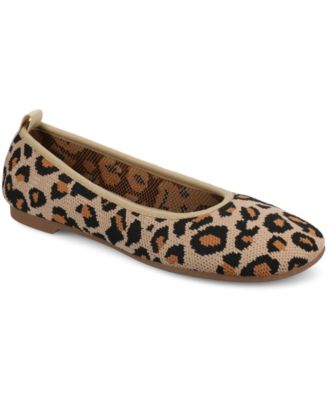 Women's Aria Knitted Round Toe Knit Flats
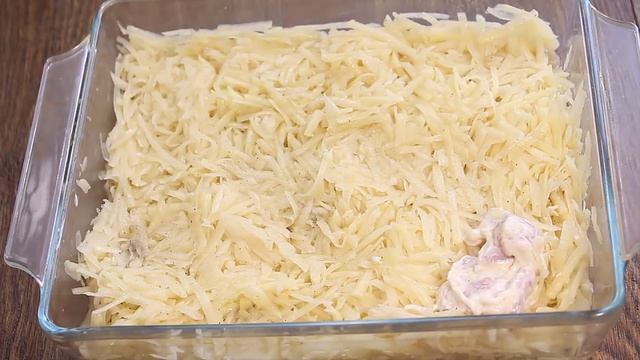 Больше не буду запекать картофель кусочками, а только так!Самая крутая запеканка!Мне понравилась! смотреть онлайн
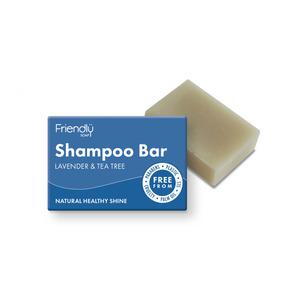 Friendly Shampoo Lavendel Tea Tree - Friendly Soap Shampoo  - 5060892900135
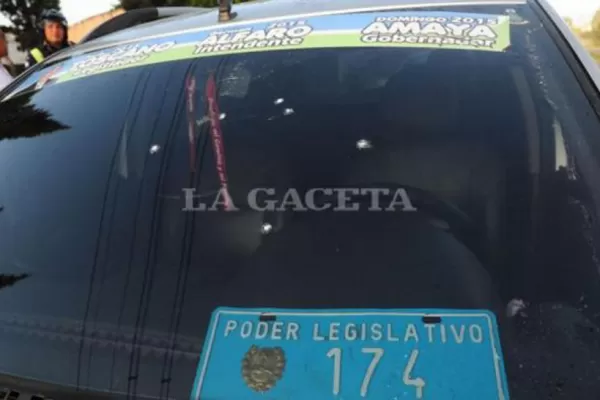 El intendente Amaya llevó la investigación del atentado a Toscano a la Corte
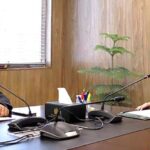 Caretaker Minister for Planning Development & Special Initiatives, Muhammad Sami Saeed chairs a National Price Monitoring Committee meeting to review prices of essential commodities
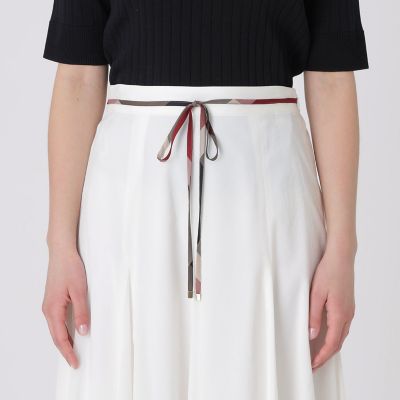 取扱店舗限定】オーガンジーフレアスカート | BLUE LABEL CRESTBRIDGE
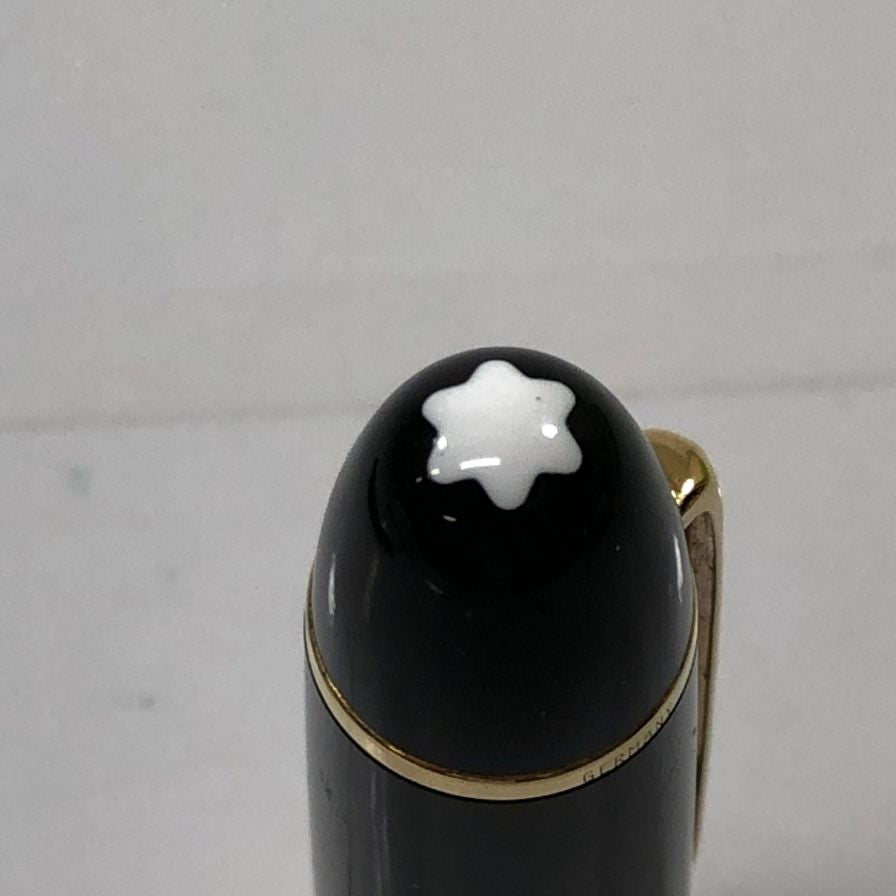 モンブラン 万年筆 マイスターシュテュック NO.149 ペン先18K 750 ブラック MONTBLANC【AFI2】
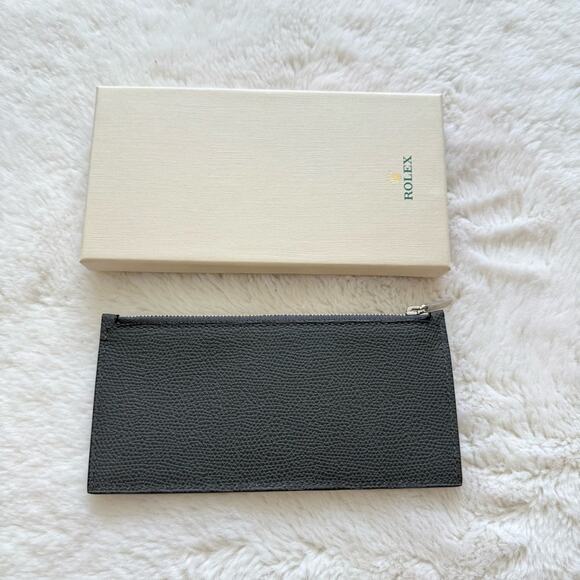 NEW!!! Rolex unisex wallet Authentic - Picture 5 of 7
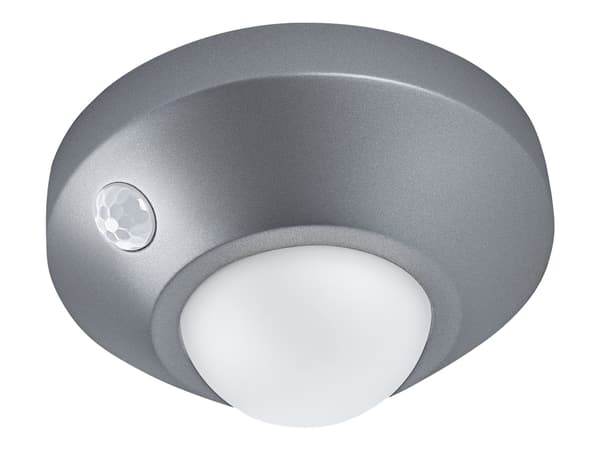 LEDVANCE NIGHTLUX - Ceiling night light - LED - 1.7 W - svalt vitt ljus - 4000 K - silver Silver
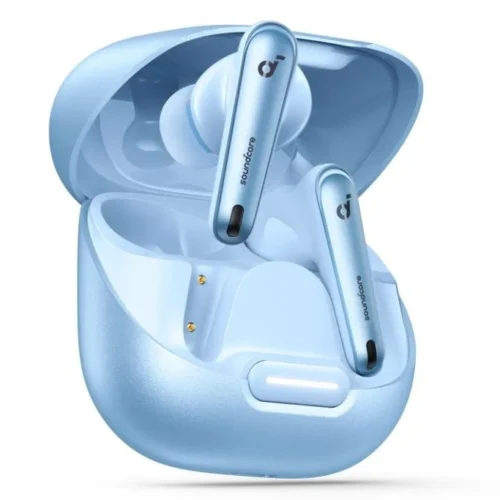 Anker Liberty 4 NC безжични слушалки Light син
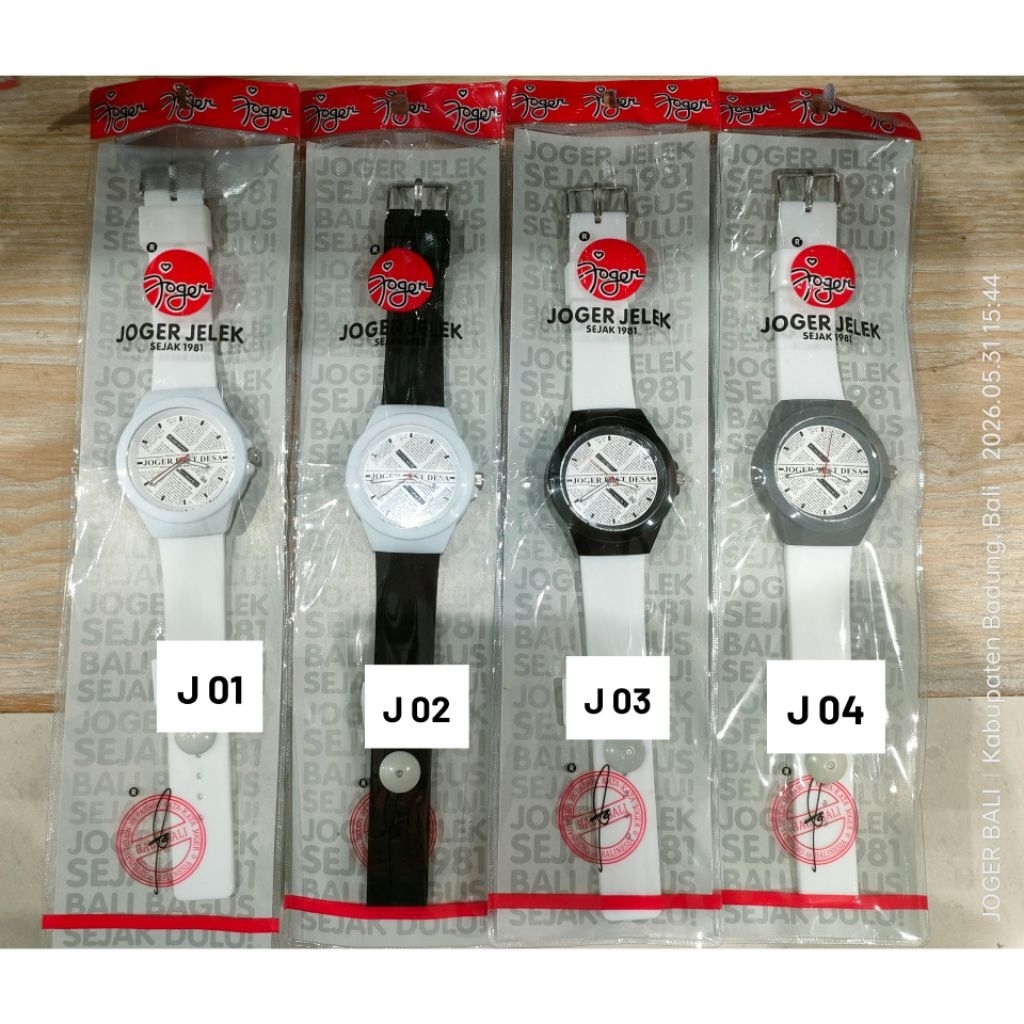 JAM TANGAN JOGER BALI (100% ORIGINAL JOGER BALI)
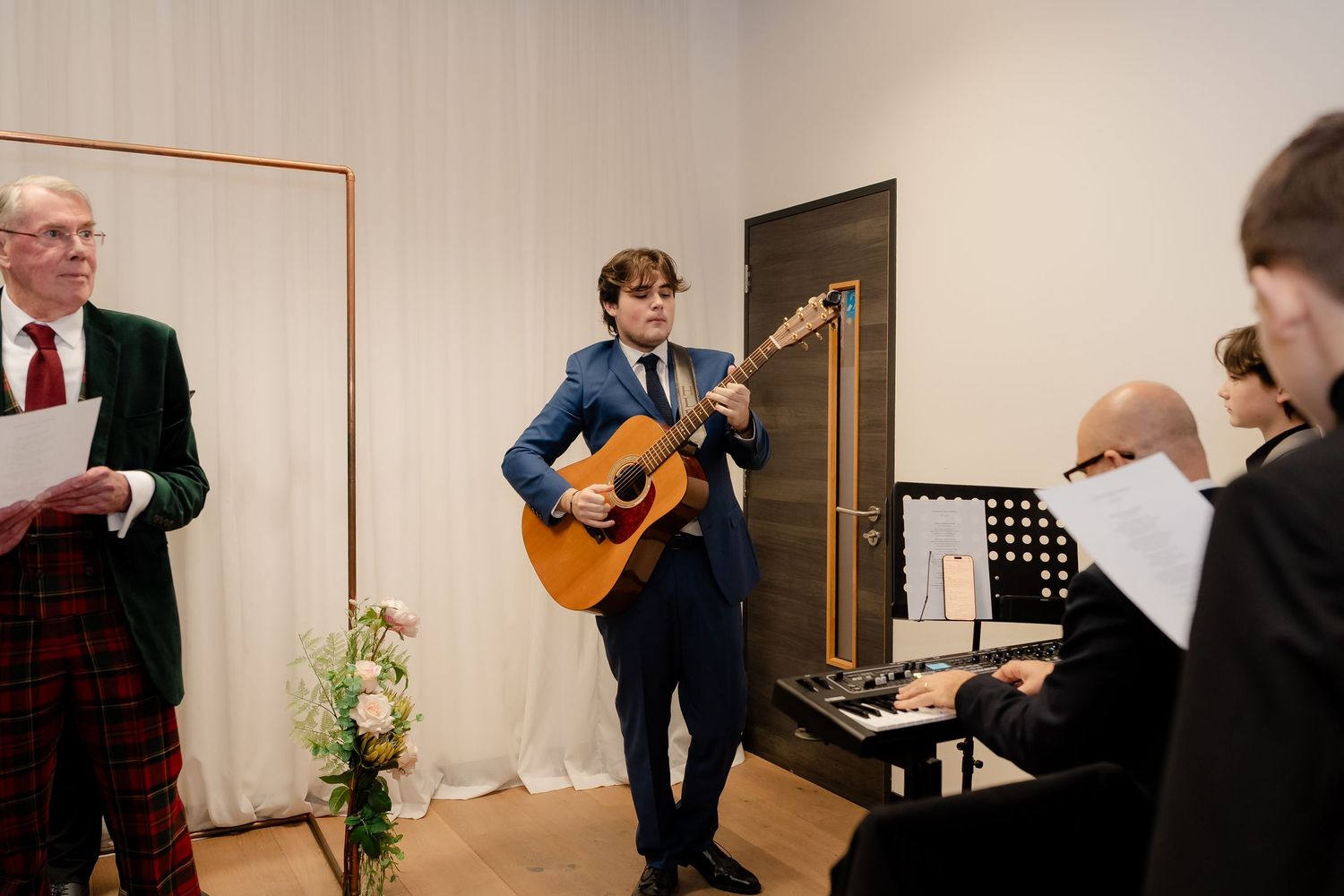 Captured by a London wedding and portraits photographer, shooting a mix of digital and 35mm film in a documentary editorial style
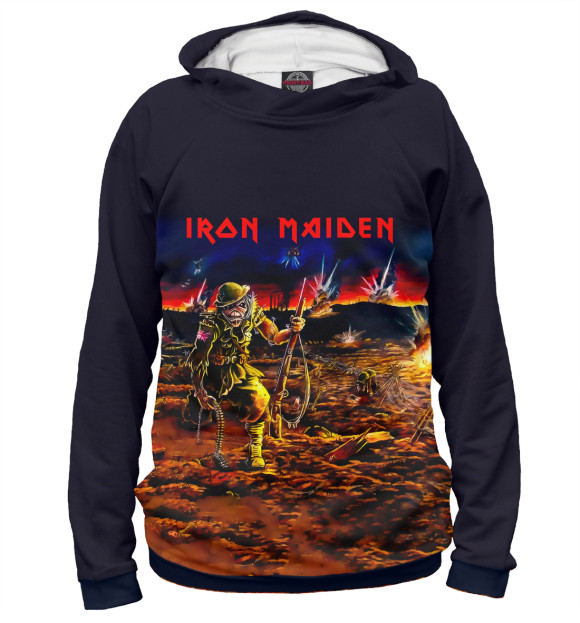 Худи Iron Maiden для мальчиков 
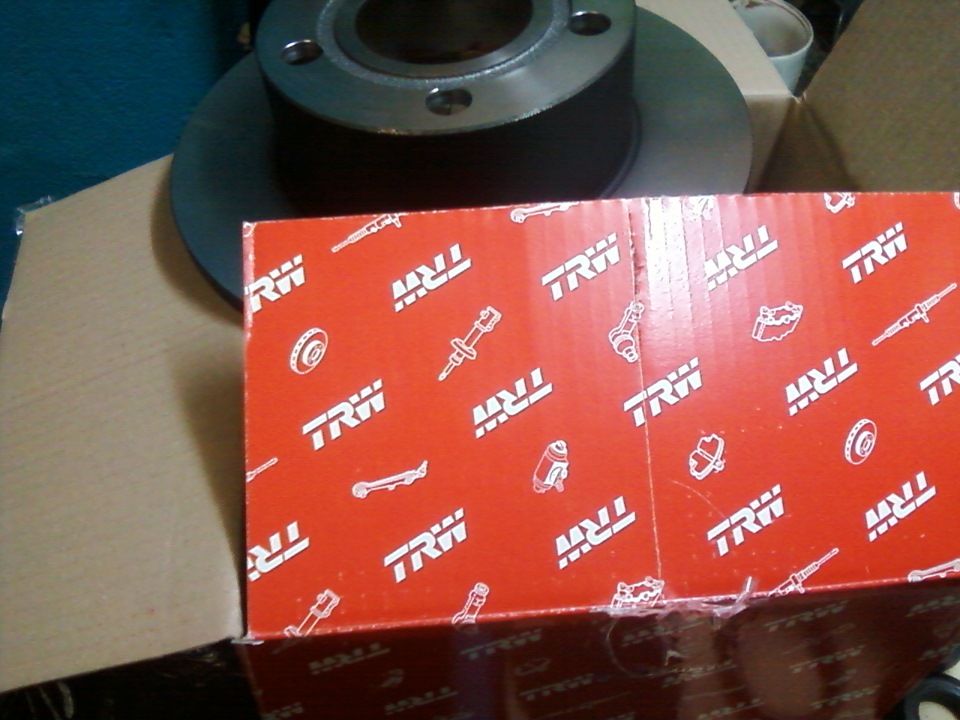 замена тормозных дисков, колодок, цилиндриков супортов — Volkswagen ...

+++

◆ Exercise details ◆
Nothing but the pictures may be dropped; output the records above exactly.

◆ Problem solution ◆
 Women's Aria Knitted Round Toe Knit Flats
 Больше не буду запекать картофель кусочками, а только так!Самая крутая запеканка!Мне понравилась! смотреть онлайн
 Friendly Shampoo Lavendel Tea Tree - Friendly Soap Shampoo  - 5060892900135
 El intendente Amaya llevó la investigación del atentado a Toscano a la Corte
 Caretaker Minister for Planning Development & Special Initiatives, Muhammad Sami Saeed chairs a National Price Monitoring Committee meeting to review prices of essential commodities
 取扱店舗限定】オーガンジーフレアスカート | BLUE LABEL CRESTBRIDGE
 モンブラン 万年筆 マイスターシュテュック NO.149 ペン先18K 750 ブラック MONTBLANC【AFI2】
 NEW!!! Rolex unisex wallet Authentic - Picture 5 of 7
 LEDVANCE NIGHTLUX - Ceiling night light - LED - 1.7 W - svalt vitt ljus - 4000 K - silver Silver
 Anker Liberty 4 NC безжични слушалки Light син
 JAM TANGAN JOGER BALI (100% ORIGINAL JOGER BALI)
 Captured by a London wedding and portraits photographer, shooting a mix of digital and 35mm film in a documentary editorial style
 Худи Iron Maiden для мальчиков 
 замена тормозных дисков, колодок, цилиндриков супортов — Volkswagen ...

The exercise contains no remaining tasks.